Networking is not something that comes automatically to most people - it's a skill that you need to learn. Networking is happening all the time and it's getting more and more important. Connections are everything - and as part of IMA you have many connections, you just need to start using them. 

Essentially, most people love to help others - and networking is all about helping each other. I can do something for you - and you can probably at some time do something for me - or you connect me to someone I need to talk to. It's about creating win-win situations both professionally and personally. 

So when you attend your next networking event - be it an IMA meeting or something else - try this:

  • Define what you want to get from this event

    Are you looking for connections? a new job? a speaker for an event you are setting up? exercising your networking skills?

     

  • Look through the participant list

    is there someone on the list you want to talk to? or someone who works somewhere that is interesting to you? 

    Make a note of them and perhaps even contact them in advance to schedule a meeting while you are at the same event

  • Follow up

    Make sure to follow up with yourself - did you manage to  reach your goals?

    Follow up with people you connected to during the event - connect on LinkedIn if that is the most obvious thing to do, or even drop them a note to say that you enjoyed connecting with them. 

  • Reach out to your network

    Use your network actively - and welcome that others contact you. All members have knowledge about their own area - both geographically and business wise - or have some experience you might lack. Being part of the network is also about sharing and building each other up. 

Networking people

Same same - but different

Basically, we all fall into one of two categories - introverts or extroverts. Perhaps you already know which category you belong to - perhaps you've never really paid attention to this, but you should, because you might be missing out on valuable connections otherwise.

Sounds strange? let me explain. 

If you are an extrovert person you most likely excel at meeting new people - you love going into a room full of people you've never met before - it energizes you. All this potential - it's great! You get noticed when you enter the room and you engage in discussions immediately. 

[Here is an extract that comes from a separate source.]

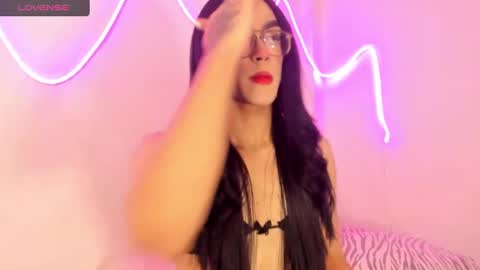 melissa_hot22 online show from 5, 1, 2025
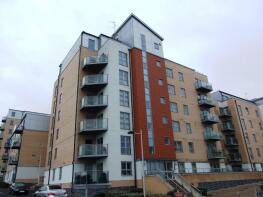 15, Lyndon House, Queen Mary Avenue, South Woodford, London E18 2FQ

For introverts, the experience of a networking meeting can be somewhat different. They often hang back a bit and observe the situation before they decide to connect with someone. They can enter a room without you noticing them. And at some point during the event, the introvert person has had enough and needs to recharge - away from the crowd - and digest the impressions. 

There is however no difference in what you can get out of speaking to either of these persons - both will have important input and insight from which you could greatly benefit. But it means giving the introverted person a little room to breathe and speak - as the extroverted person will have a tendency to just speak more when there is no immediate feedback from the introverted person. 

So - remember to see everyone at the event as a potential new contact with different qualities that can only enrich your life - give it a try!